_Information shown_

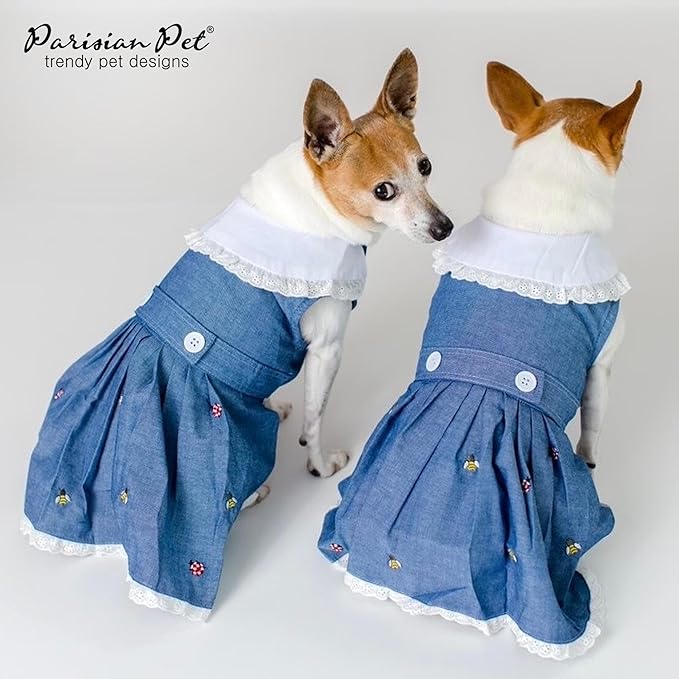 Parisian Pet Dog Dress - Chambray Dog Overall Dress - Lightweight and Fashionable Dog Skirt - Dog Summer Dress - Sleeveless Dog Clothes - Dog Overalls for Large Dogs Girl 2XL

* * *

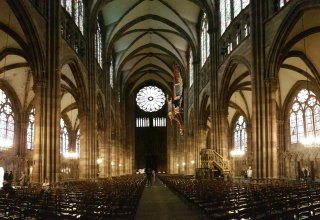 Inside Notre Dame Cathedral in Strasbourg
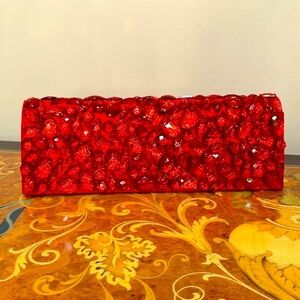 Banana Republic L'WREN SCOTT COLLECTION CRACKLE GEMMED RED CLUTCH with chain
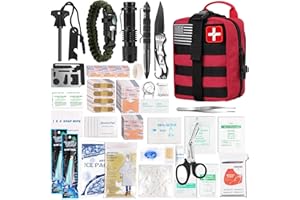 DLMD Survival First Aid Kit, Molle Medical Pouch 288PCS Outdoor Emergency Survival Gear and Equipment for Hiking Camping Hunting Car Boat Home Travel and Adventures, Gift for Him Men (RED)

_Task to complete_
Look above for the line with "Banana Republic L'WREN" and the line with "DLMD Survival First". Copy them and every line between, exactly, but no pictures.

_Solution for this exercise_
 Banana Republic L'WREN SCOTT COLLECTION CRACKLE GEMMED RED CLUTCH with chain
 DLMD Survival First Aid Kit, Molle Medical Pouch 288PCS Outdoor Emergency Survival Gear and Equipment for Hiking Camping Hunting Car Boat Home Travel and Adventures, Gift for Him Men (RED)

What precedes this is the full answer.